Could you repeat the entries below exactly, but only from the line with "To solve this" through the line with "So all of this", and without any picture?

╭─ GIVEN RECORDS

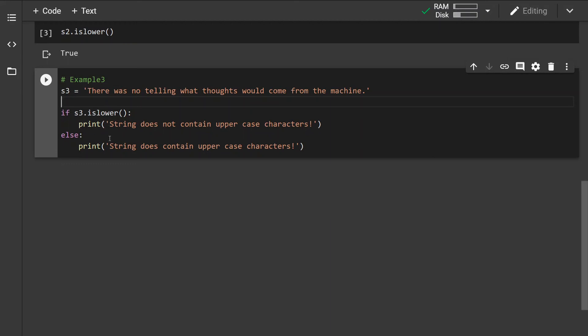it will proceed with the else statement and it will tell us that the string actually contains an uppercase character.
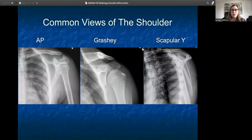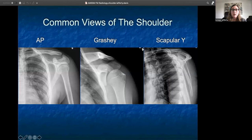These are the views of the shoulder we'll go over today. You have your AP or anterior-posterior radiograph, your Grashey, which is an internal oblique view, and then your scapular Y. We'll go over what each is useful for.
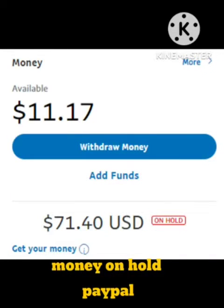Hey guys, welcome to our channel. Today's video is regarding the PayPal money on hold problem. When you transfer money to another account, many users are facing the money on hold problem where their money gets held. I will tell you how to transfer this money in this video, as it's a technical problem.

╰─
╭─ GIVEN RECORDS

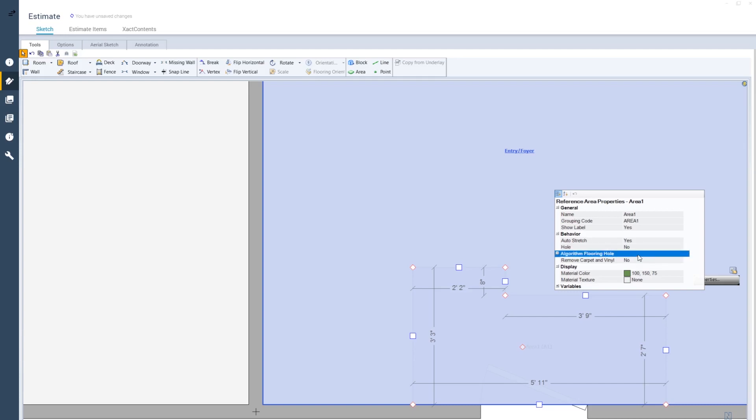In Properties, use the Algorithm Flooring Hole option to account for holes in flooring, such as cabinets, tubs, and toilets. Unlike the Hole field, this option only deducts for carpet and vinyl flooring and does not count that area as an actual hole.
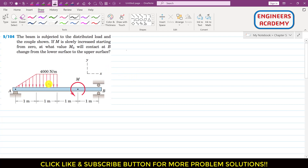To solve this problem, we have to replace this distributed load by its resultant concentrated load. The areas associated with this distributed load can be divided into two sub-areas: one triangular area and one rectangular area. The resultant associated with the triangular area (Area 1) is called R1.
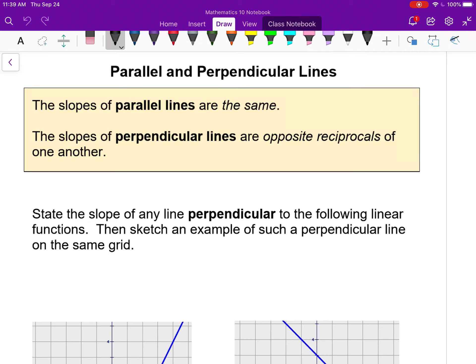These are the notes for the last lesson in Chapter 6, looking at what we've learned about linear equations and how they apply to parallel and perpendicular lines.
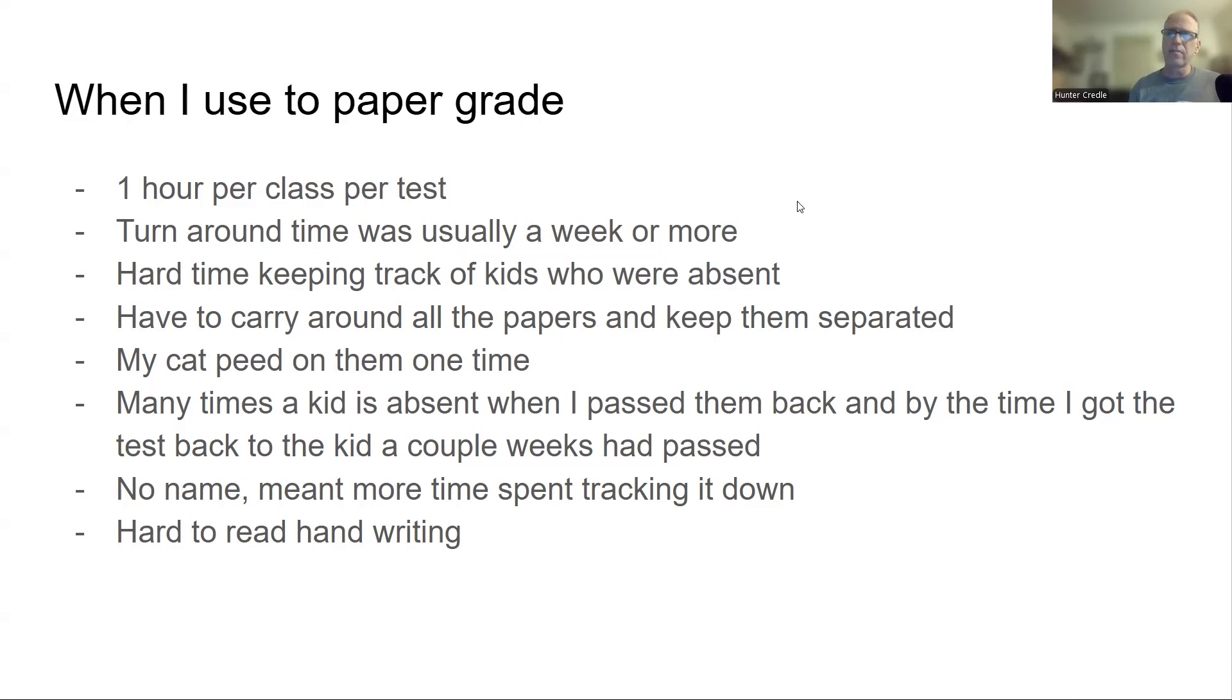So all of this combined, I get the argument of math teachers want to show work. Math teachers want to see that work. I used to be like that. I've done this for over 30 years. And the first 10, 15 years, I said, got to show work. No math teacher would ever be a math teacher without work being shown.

╰─

__ANSWER SPACE__
To solve this problem, we have to replace this distributed load by its resultant concentrated load. The areas associated with this distributed load can be divided into two sub-areas: one triangular area and one rectangular area. The resultant associated with the triangular area (Area 1) is called R1.
These are the notes for the last lesson in Chapter 6, looking at what we've learned about linear equations and how they apply to parallel and perpendicular lines.
So all of this combined, I get the argument of math teachers want to show work. Math teachers want to see that work. I used to be like that. I've done this for over 30 years. And the first 10, 15 years, I said, got to show work. No math teacher would ever be a math teacher without work being shown.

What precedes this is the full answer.